The lines below starting at the line containing "Festival Depot 6pcs" and ending at the line containing "14oz White and" are to be repeated exactly, with both ends kept and nothing else added.

EXERCISE MATERIAL:
== Segment start ==
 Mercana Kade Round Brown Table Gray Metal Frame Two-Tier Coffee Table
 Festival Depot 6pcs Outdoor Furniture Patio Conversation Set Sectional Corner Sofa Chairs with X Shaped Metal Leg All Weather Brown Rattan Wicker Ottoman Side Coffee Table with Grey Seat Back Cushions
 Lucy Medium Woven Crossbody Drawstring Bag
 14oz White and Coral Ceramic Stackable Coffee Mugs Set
== Segment end ==
== Segment start ==
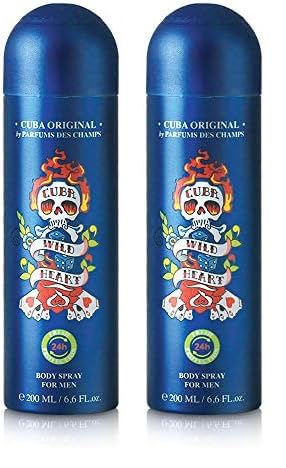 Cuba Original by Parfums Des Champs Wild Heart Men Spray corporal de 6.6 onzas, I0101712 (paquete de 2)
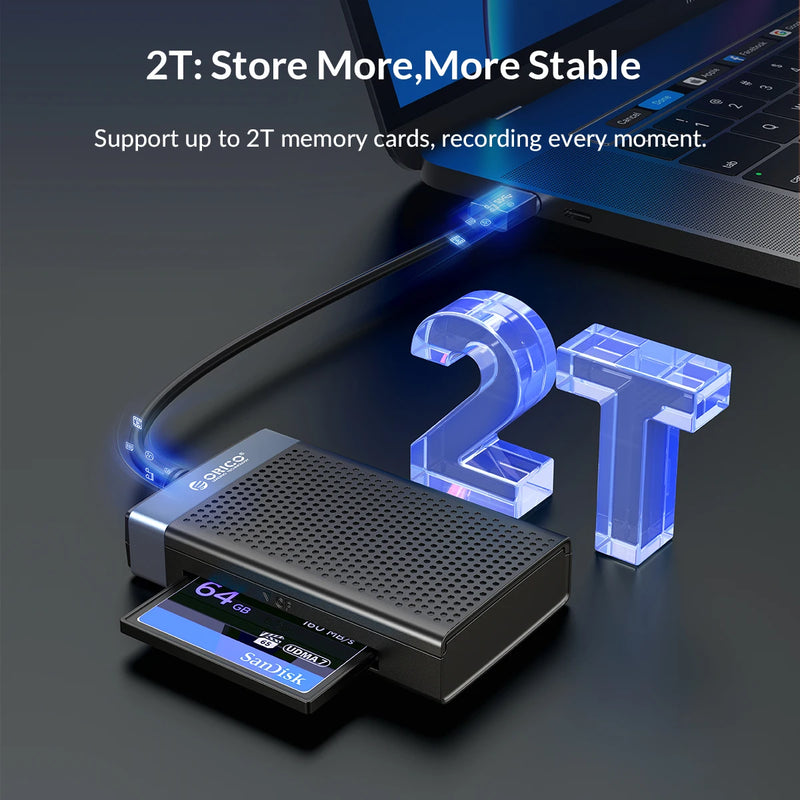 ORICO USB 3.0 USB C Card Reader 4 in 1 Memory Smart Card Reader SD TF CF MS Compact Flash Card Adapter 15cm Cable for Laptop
== Segment end ==
TASK SOLUTION:
 Festival Depot 6pcs Outdoor Furniture Patio Conversation Set Sectional Corner Sofa Chairs with X Shaped Metal Leg All Weather Brown Rattan Wicker Ottoman Side Coffee Table with Grey Seat Back Cushions
 Lucy Medium Woven Crossbody Drawstring Bag
 14oz White and Coral Ceramic Stackable Coffee Mugs Set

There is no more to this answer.